Prior to the approval of the spot bitcoin ETFs like iShares Bitcoin Trust (NASDAQ: IBIT), traders would trade the Bitcoin miners and the cryptocurrency exchanges like Coinbase Global Inc. (NASDAQ: COIN) to benefit from the rise in Bitcoin prices. When the price of Bitcoin spiked, so did the stocks of Bitcoin miners in the business services sector.
Positive Correlation Between Bitcoin Miners and Spot Bitcoin Prices
There was a positive correlation between the direction of bitcoin prices and the bitcoin miners like Marathon Digital Holdings Inc. (NASDAQ: MARA), Riot Platforms Inc. (NASDAQ: RIOT), Bit Digital Inc. (NASDAQ: BTBT), Cipher Mining Inc. (NASDAQ: CIFR) and TeraWulf Inc. (NASDAQ: WULF). The momentum totem pole usually starts with Coinbase, followed by Marathon Digital, Riot Platforms and on down the line.

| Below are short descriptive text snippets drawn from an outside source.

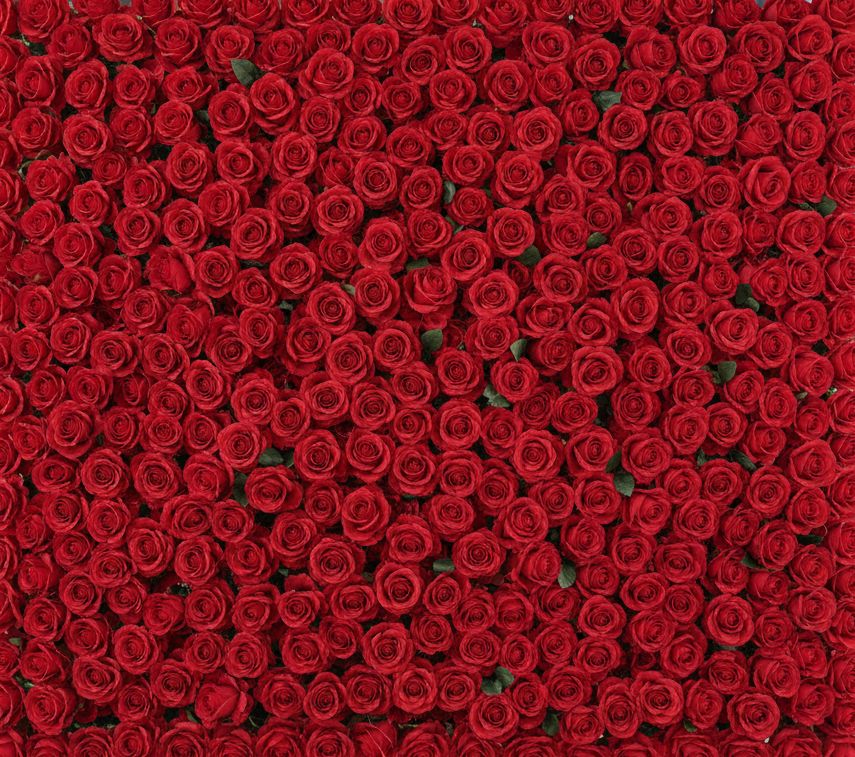 Decor Event Package - Birthstone Color Fresh Flower Wall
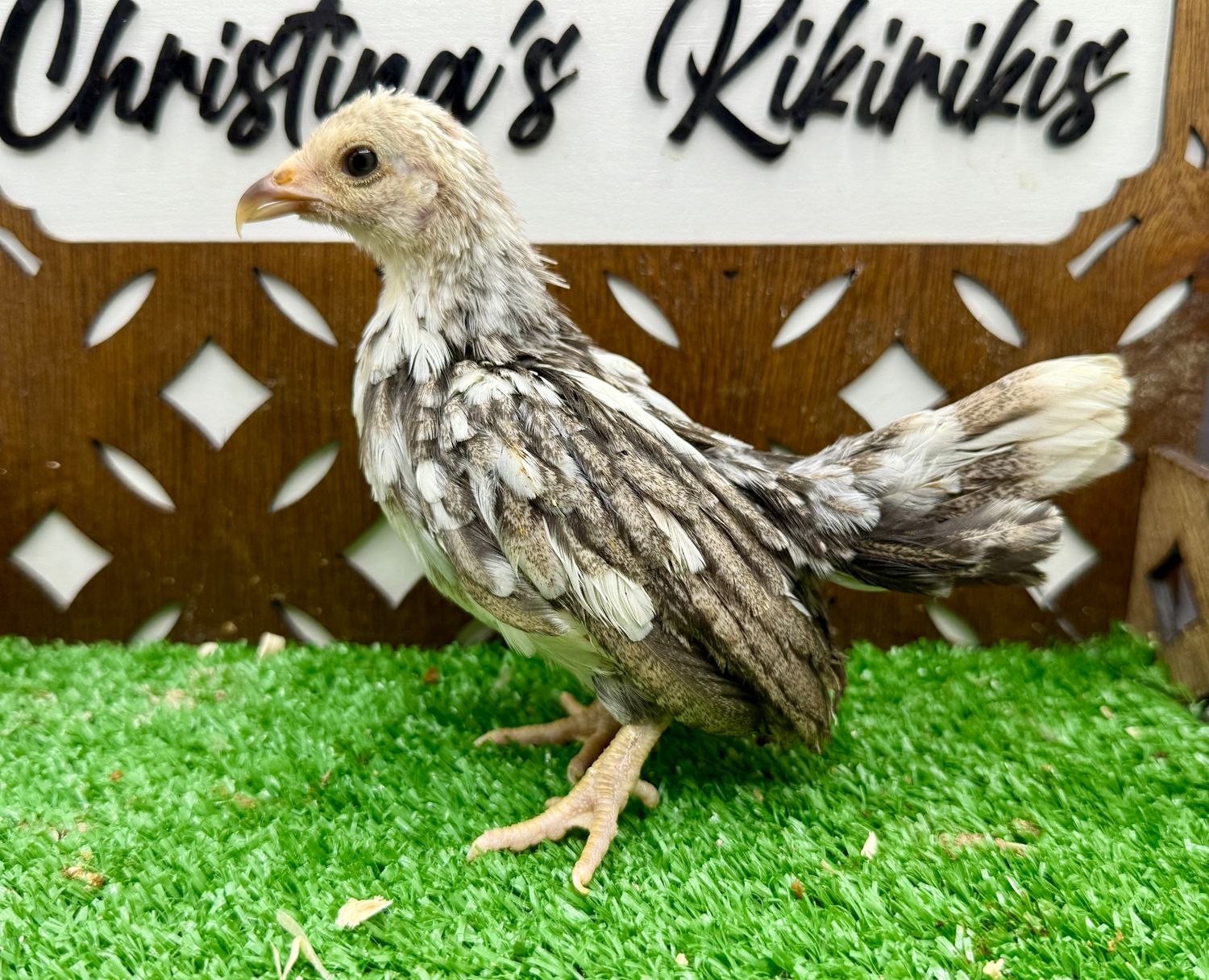 Possible Pullet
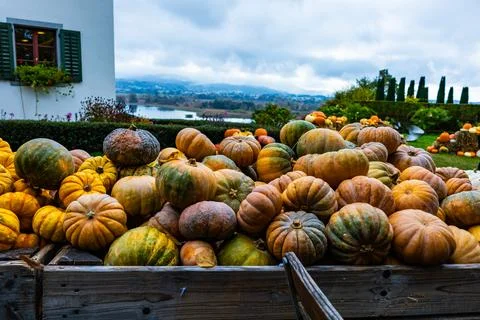 A pile of different colored pumpkins Stock Photos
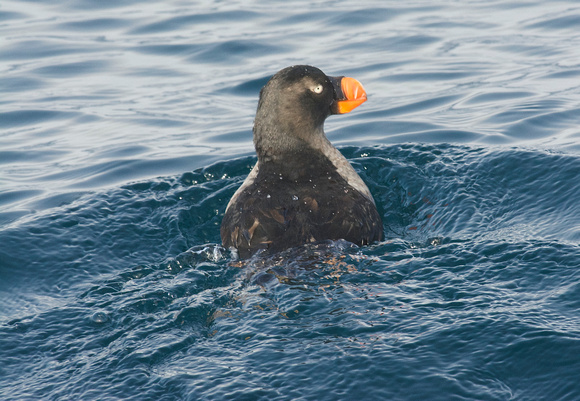 2nd Tufted Puffin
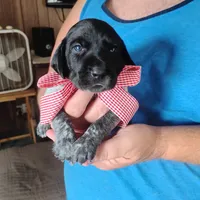 Strawberry Shortcake, a female German Shorthaired Pointer for sale in Defuniak Springs, FL – 3 of 8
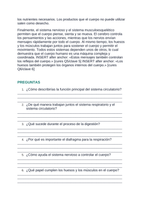 Human Body Systems & Homeostasis Spanish Reading Passage & Comprehension Questions sample page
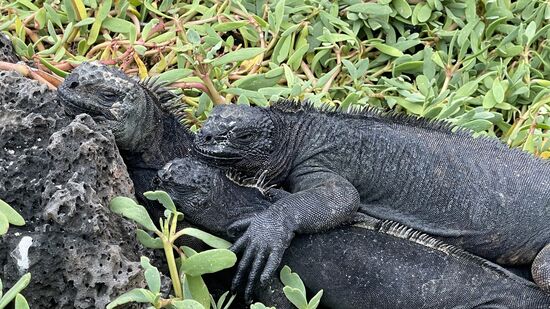 Sie haben sich lieb und genießen die Nähe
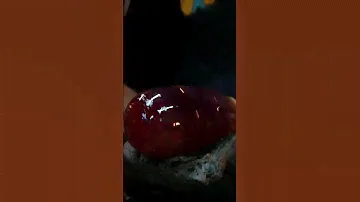GIANT GLASS OCTOPUS #glass #glassblowing #art #satisfying #asmr #awesome #cool #artist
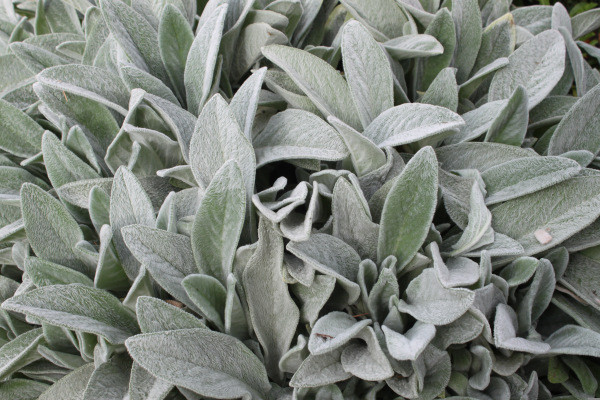 Stachys byzantina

The logic was that if spot bitcoin prices were rising, that would mean more proceeds for the bitcoin miners as the value of the bitcoins they were mining went up. This is no different than gold mining stocks rising when the spot price of gold rises.t
As the rally in bitcoin accelerated, the miners followed until something strange started to occur.
Negative Correlation Materializes
Around the end of February, as bitcoin prices were reaching yearly and all-time highs, the miners started to diverge. In fact, the higher bitcoin prices rose, the bitcoin miners may start the morning with a price gap only to sell off hard after the markets open. Numerous traders believed the positive divergence would continue only to get smoked by the divergence. They would add to their long positions in the bitcoin miners, thinking they were getting a bargain as bitcoin prices continued to rally. Sadly, as bitcoin continued to make all-time highs, the bitcoin miners continued to sell off with no sustained bounces.
To throw a wrench into the equation, COIN would often continue to rise with bitcoin prices while stocks like MARA, RIOT, BTBT and the rest of the bitcoin miners would proceed to sell off.
The Day the Correlation Died
The divergence was so apparent that it can be pinpointed to an exact date when the correlation essentially died: February 28, 2024. As bitcoin and COIN prices jumped, the bitcoin miners fell. It has continued through March 2024. Traders attributed the divergence to possible earnings reports, rumors, or big short sellers, but there's a logical explanation for the sell-off. It has to do with an event that occurs every 4 years called a halving.
Only 21 Million Bitcoins Ever Exist
Bitcoin has a finite supply as it will only ever produce 21 million period. Once the 21 millionth bitcoin is mined, there will be no more. This limit goes against fiat currencies, which can continue to print money, eventually driving up inflation and causing purchasing power to collapse. Bitcoin avoids this by ensuring that only 21 million bitcoins will ever exist. There are only around 1.35 million bitcoins left to be mined.
What is a Bitcoin Halving?
To further keep inflation in check, the infamous creator of bitcoin, Satoshi Nakamoto, implemented what's known as the halving. Every 4 years, or 210,000 blocks, bitcoin will cut its payout rewards to miners by half. Originally, the first payout was 50 bitcoins. That was halved to 25 bitcoins on November 28, 2012. That was halved to 12.5 bitcoins on July 9, 2016. That was halved to 6.25 bitcoins on May 11, 2020. On April 17, 2024, that will be halved to 3.125 bitcoin on April 20, 2024.
Why Does This Matter for Miners?
If you're a gold mining company and were told that even though spot gold prices are at $3,000 an ounce, on April 20, 2024, you would only be getting paid 50% of that amount moving forward, how upset would you be? It's the same for bitcoin miners. They will be making 50% less than they are now, taking a 50% haircut. For this reason, the market started pricing in the reality of fewer proceeds being generated by the bitcoin miners starting on February 28, 2024.
Historically, bitcoin miners have sold off after the halving event as investors realized revenues were being cut in half. Eventually, the miners resumed positive correlation months after the halving. This may be the case again, but only time will tell.